Profiling Truffle Interpreters

There is no shortage of tools for profiling interpreters written using Truffle. When running in JVM mode you can use standard JVM tooling such as VisualVM, Java Flight Recorder, and Oracle Developer Studio. When running in Native Image you can use callgrind from the Valgrind tool suite, and other system tools such as strace. As a language running on GraalVM, other GraalVM tools can be used. For a broad enough definition of profiling, you can also use the Ideal Graph Visualizer (IGV) and C1 Visualizer to inspect the compiler output.

This guide is less about how to use each tool and more about suggestions for extracting the most useful information from the tools, assuming a basic knowledge of their usage.

Profiling with CPU Sampler

The simplest way to profile the application level, for example, to find in which guest-language function(s) most of the time is spent, is to use CPU Sampler, which is part of the /tools suite and part of GraalVM. Simply pass --cpusampler to your language launcher:

language-launcher --cpusampler --cpusampler.Delay=MILLISECONDS -e 'p :hello'

You probably want to use a sampling delay with --cpusampler.Delay=MILLISECONDS to only start profiling after warmup. That way, you can easily identify which functions get compiled and which do not and yet take a significant amount of time to execute.

See language-launcher --help:tools for more --cpusampler options.

Creating a Flame Graph from CPU Sampler

The histogram output from CPUSampler can be quite large, making it difficult to analyze. Additionally, as a flat format it is nto possible to analyze a call graph as that information simply is not encoded in the output. A flame graph shows the entire call graph. Its structure makes it considerably simpler to see where the application time is being spent.

Creating the flame graph is a multi-stage process. First, we need to profile the application with the JSON formatter:

language-launcher --cpusampler --cpusampler.SampleInternal --cpusampler.Mode=roots --cpusampler.Output=json -e 'p :hello' > simple-app.json

Use the --cpusampler.SampleInternal=true option if you want to profile internal sources, such as standard library functions.

Using the --cpusampler.Mode=roots option will sample each function, including inlined functions, which is more intuitive when looking at a flame graph and can often give a better idea of what is contributing to the overall method execution time. However, --cpusampler.Mode=roots adds extra overhead, so you might want to try without too. The default is to not include inlined functions in order to minimize overhead.

The JSON formatter encodes call graph information that isn’t available in the histogram format. To make a flame graph out of this output, however, we need to transform it into a format that folds the call stack samples into single lines. This can be done using stackcollapse-graalvm.rb from Benoit Daloze’s fork of FlameGraph.

If you have not yet, you should clone this fork of FlameGraph into the parent directory.

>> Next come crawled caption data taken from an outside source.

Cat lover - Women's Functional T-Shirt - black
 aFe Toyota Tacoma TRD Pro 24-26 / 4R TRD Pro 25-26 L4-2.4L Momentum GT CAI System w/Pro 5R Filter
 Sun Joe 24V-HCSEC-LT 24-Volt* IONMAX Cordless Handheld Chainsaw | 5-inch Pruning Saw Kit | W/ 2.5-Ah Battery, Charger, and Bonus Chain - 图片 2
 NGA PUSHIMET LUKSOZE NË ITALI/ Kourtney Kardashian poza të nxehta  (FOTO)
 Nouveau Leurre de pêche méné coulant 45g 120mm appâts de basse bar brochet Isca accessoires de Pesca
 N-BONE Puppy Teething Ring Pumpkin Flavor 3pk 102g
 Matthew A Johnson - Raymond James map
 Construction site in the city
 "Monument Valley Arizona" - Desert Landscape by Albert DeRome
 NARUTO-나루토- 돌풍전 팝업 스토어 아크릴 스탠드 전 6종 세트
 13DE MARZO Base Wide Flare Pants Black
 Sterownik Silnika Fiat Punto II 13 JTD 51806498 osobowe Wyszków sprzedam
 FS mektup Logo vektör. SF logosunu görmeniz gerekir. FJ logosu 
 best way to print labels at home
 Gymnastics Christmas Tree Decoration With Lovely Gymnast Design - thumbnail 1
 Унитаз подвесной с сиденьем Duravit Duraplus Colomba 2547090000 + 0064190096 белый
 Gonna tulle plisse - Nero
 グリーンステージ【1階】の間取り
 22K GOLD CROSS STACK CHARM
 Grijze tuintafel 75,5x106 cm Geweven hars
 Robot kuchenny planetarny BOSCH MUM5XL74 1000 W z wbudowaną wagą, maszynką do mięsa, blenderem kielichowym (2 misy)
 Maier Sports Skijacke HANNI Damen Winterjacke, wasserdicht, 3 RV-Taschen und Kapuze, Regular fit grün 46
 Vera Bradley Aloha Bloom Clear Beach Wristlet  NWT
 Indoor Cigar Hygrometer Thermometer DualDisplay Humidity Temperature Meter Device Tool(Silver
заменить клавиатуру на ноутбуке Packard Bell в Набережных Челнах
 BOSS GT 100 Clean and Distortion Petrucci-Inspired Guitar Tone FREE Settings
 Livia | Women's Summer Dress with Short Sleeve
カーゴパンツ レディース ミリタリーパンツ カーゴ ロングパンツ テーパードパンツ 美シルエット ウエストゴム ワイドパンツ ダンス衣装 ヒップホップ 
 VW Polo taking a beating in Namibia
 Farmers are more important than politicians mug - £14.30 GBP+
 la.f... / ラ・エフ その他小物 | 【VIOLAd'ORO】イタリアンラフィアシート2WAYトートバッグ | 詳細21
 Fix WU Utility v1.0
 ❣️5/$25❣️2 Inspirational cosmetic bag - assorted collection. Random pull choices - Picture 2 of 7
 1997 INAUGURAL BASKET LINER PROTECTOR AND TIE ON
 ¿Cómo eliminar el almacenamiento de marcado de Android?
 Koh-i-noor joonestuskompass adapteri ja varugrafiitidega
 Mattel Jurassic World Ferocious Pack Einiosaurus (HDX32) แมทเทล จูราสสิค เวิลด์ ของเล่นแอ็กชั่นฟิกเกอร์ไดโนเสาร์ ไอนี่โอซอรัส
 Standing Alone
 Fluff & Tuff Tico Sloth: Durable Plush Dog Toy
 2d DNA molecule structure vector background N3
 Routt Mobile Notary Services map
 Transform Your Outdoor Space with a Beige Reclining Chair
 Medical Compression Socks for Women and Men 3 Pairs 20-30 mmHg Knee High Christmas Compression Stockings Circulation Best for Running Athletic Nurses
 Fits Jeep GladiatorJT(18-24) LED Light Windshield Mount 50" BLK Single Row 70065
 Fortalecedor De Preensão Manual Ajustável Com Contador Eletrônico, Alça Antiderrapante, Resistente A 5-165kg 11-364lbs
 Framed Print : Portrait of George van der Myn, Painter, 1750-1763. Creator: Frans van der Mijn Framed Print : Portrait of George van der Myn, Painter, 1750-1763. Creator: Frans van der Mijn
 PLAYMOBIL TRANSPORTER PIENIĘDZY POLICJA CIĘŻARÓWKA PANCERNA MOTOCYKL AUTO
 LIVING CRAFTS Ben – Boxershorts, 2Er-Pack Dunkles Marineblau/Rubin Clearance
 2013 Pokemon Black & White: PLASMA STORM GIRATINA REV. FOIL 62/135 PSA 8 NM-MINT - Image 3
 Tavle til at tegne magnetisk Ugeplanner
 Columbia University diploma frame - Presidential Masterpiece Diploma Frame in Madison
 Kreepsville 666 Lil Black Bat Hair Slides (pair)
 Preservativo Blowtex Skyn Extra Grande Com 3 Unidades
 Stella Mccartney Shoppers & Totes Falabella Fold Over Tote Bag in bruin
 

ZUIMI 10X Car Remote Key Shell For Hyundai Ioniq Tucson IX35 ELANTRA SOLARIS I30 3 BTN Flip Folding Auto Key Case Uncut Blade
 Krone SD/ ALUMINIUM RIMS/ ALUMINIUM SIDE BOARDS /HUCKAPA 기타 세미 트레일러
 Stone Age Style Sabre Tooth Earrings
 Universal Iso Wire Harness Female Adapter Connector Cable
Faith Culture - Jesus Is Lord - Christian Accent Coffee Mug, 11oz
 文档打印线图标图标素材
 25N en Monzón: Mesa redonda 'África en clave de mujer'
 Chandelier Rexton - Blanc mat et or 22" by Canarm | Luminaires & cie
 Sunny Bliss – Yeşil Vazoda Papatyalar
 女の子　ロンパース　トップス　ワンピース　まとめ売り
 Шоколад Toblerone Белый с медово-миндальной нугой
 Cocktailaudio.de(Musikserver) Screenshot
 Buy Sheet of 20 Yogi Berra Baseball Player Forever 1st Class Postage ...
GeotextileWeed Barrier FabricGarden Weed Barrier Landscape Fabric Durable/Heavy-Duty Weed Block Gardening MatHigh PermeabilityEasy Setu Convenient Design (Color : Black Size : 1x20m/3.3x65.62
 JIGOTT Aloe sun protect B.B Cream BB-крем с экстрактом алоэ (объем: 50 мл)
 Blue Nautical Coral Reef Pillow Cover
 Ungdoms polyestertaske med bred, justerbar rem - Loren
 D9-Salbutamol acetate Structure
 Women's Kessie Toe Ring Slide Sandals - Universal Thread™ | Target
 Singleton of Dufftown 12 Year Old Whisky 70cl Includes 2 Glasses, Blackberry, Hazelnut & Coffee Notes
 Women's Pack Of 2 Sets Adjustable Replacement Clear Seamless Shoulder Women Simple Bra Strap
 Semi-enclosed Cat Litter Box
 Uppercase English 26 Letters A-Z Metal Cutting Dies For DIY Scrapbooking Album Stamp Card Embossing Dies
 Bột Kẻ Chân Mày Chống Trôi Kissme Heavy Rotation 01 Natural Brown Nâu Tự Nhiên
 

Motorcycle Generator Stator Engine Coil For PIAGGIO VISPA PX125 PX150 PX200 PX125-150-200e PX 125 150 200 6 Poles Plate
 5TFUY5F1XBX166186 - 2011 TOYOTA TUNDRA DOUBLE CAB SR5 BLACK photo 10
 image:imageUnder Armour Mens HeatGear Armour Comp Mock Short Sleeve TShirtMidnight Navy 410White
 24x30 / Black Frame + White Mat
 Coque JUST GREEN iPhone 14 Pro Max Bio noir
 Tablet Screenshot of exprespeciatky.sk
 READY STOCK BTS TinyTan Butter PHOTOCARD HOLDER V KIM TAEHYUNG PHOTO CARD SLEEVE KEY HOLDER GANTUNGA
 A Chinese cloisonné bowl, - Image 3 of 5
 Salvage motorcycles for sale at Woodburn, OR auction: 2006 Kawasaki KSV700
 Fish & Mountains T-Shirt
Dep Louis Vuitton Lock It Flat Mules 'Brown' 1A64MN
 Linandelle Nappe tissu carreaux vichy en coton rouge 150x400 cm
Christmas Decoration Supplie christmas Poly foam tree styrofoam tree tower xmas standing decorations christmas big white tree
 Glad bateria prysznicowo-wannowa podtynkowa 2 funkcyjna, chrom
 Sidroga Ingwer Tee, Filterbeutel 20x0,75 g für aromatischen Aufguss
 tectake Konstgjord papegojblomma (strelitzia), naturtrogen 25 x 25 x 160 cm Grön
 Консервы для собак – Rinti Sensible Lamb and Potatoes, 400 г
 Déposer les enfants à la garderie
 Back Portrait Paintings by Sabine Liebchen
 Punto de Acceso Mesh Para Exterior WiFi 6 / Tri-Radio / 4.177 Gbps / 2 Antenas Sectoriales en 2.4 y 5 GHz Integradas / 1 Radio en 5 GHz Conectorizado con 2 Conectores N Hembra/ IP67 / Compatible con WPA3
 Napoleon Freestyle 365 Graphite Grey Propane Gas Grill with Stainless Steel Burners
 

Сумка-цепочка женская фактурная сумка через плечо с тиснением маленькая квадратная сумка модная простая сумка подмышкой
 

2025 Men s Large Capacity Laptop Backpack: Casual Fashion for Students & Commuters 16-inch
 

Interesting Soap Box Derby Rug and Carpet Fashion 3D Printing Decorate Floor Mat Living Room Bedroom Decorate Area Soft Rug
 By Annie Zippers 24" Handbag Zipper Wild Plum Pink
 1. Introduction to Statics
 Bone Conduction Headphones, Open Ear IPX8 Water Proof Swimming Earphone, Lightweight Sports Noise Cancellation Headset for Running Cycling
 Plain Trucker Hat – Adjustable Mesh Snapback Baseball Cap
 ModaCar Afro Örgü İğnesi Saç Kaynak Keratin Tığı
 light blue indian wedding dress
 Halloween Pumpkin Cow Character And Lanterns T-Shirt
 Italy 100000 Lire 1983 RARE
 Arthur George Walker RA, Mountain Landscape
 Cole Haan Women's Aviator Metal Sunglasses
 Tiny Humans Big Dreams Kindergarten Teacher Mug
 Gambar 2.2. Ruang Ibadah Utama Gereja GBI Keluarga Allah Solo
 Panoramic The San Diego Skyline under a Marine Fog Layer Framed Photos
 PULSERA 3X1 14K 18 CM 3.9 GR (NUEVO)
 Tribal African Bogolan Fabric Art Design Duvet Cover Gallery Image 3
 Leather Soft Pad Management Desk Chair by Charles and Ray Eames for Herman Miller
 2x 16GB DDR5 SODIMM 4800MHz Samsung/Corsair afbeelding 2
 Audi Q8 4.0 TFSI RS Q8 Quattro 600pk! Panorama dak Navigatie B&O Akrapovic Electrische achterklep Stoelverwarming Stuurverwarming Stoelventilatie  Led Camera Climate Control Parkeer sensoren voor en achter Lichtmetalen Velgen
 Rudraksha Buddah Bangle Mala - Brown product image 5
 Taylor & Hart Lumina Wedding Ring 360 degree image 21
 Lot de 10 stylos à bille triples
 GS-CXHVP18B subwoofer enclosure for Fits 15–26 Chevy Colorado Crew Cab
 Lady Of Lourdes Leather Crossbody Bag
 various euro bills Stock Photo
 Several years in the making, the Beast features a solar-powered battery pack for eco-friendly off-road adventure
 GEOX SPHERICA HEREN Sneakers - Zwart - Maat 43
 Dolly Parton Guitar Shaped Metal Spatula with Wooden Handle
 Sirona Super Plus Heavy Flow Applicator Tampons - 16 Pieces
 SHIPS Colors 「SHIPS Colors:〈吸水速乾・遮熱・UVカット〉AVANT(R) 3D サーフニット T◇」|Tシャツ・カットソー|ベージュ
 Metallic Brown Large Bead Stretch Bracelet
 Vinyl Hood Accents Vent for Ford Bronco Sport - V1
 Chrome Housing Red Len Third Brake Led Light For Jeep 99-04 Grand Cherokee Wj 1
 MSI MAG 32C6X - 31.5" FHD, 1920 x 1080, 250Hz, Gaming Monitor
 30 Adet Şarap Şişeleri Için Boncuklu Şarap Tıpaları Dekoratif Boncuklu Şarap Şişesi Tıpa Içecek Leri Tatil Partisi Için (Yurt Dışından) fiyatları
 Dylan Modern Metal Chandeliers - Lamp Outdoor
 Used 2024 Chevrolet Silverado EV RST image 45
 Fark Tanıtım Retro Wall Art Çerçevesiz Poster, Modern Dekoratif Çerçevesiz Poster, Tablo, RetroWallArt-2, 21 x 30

Now you can run the script to transform the output and pipe it into the script that will generate the SVG data:

../FlameGraph/stackcollapse-graalvm.rb simple-app.json | ../FlameGraph/flamegraph.pl > simple-app.svg

At this point, you should open the SVG file in a Chromium-based web browser. Your system might have a different image manipulation application configured as the default application for SVG files. While loading the file in such an application may render a graph, it likely will not handle the interactive components of the flame graph. Firefox may work as well, but Chromium-based browsers currently seem to have better support and performance for the flame graph files.

Profiling with Oracle Developer Studio

Oracle Developer Studio includes a Performance Analyzer that can be used with GraalVM. Developer Studio can be downloaded from OTN and the current version at time of writing (12.6) provides a perpetual no-cost license for production use and the development of commercial applications.

Using the Developer Studio Performance Analyser is straightforward. Include the path to the Developer Studio binaries in your PATH and then prefix your normal command-line with collect. For example:

collect js mybenchmark.js

On completion an “experiment” (.er) directory will have been created containing the profiling data for the command execution, test.1.er by default. To view the profiling results, use the analyzer tool:

analyzer test.1.er

The analyzer GUI allows you to view the captured profiling information in several different ways, e.g., the timeline of your application, a flat function list, the call tree, a flame graph, etc. There is also a command-line tool, er_print, which can be used for outputting the profiling information in textual form, for further analysis.

For full details, see the Performance Analyzer documentation.